## [Directions]
Reproduce, exactly and in full, only the lines below from the one containing "Kauf Unique LED" through the one containing "Too Faced Metallic".

**** Dataset content

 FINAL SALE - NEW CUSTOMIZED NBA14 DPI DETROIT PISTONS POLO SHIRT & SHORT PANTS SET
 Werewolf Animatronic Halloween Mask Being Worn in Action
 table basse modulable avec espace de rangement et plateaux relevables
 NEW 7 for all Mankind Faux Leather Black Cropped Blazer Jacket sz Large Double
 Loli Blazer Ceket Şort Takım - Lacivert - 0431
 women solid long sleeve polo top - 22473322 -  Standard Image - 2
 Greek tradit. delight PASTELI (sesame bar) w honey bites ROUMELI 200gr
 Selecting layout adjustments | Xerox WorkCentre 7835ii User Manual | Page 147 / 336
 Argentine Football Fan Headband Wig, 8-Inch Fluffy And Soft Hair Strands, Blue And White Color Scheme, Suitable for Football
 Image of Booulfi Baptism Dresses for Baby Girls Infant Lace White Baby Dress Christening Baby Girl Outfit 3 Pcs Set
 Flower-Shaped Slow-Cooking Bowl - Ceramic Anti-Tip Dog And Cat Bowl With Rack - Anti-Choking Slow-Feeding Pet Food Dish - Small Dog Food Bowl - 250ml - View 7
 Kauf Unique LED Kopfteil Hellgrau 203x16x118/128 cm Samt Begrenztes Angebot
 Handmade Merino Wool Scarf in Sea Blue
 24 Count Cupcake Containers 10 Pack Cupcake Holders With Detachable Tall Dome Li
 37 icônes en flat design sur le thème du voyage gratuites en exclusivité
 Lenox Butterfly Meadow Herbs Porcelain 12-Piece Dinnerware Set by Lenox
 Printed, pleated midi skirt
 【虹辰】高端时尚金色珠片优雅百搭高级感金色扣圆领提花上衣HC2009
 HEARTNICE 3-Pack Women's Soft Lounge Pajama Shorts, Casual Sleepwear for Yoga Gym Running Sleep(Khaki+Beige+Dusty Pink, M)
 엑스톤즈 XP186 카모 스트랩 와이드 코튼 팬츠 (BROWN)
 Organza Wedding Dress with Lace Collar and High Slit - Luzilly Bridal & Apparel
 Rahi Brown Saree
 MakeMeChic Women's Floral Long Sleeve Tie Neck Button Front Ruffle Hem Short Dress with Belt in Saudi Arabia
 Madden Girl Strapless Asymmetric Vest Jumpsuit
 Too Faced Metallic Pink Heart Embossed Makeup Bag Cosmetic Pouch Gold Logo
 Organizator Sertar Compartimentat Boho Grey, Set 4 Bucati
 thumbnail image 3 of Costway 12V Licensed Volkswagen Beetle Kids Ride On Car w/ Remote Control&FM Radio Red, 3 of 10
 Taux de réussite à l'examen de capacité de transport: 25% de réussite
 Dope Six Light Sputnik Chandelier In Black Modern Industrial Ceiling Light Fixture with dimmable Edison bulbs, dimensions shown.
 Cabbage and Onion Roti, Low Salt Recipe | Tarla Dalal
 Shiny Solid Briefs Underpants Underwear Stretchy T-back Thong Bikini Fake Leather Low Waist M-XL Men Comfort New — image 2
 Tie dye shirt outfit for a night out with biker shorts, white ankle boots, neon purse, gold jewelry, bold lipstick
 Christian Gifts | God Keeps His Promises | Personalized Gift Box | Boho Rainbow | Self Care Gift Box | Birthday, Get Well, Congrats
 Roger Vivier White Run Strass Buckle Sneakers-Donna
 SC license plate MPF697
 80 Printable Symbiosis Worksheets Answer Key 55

********

## [Expected answer]
 Kauf Unique LED Kopfteil Hellgrau 203x16x118/128 cm Samt Begrenztes Angebot
 Handmade Merino Wool Scarf in Sea Blue
 24 Count Cupcake Containers 10 Pack Cupcake Holders With Detachable Tall Dome Li
 37 icônes en flat design sur le thème du voyage gratuites en exclusivité
 Lenox Butterfly Meadow Herbs Porcelain 12-Piece Dinnerware Set by Lenox
 Printed, pleated midi skirt
 【虹辰】高端时尚金色珠片优雅百搭高级感金色扣圆领提花上衣HC2009
 HEARTNICE 3-Pack Women's Soft Lounge Pajama Shorts, Casual Sleepwear for Yoga Gym Running Sleep(Khaki+Beige+Dusty Pink, M)
 엑스톤즈 XP186 카모 스트랩 와이드 코튼 팬츠 (BROWN)
 Organza Wedding Dress with Lace Collar and High Slit - Luzilly Bridal & Apparel
 Rahi Brown Saree
 MakeMeChic Women's Floral Long Sleeve Tie Neck Button Front Ruffle Hem Short Dress with Belt in Saudi Arabia
 Madden Girl Strapless Asymmetric Vest Jumpsuit
 Too Faced Metallic Pink Heart Embossed Makeup Bag Cosmetic Pouch Gold Logo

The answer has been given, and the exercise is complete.